When I was young, I did all kinds of needlework – hardanger, cross stitch, embroidery, blackwork, needle tatting and even bobbin lace. Crochet also happened, but I was very much “all thread, all the time.” It all fell by the wayside once I discovered knitting and weaving, but the process of making my own clothes has gotten me thinking about ways to embellish the finished garments and really make them mine. So here I am, needle in hand, relearning all those stitches.
Traditional embroidery can be very fiddly and unforgiving – that precision and attention to detail may well be one of the reasons why I left it behind; I like being able to be more free-form and spontaneous when making things but I just didn’t know how to go about that on my own. Fortunately, there’s a new book out called Rebecca Ringquist’s New Embroidery Workshops. You may recognize the name because of her Dropcloth Samplers. They’re hand-drawn samplers that encourage doodling with yarn and, once I saw one, I knew it was the thing I’d been after. It’s the Modern Art of needlework.
Each section of the circle is divided into a particular stitch. I started with the simplest stitch of all, Running Stitch.
If you’ve basted something together, you’ve done it – it’s just up and down, up and down, up and down. The sampler nudges you into using different stitch lengths as well as yarn weights; turns out my thrums are great for this – particularly the silk! Not to mention, of course, my well-aged stash of DMC cotton embroidery yarns.

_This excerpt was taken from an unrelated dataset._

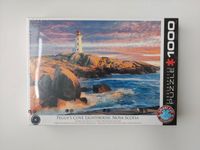 Puzzle 1000 Teile - Leuchtturm Nova Scotia - Neu, unausgepackt Baden-Württemberg - Gengenbach Vorschau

Who knew I’d need these again?
The goal of working through the book and sampler is to get comfortable with the stitches, how to use them together and relearn working with color and embroidery. All good tools for putting my stamp on what I make.
Anyway, if I don’t finish the sampler beforehand, it’ll come along to spindle camp next week. I’ve got five whole days with no internet, no cell and lots of creative people. Doing some needlework along with spinning and relaxing sounds like just the ticket.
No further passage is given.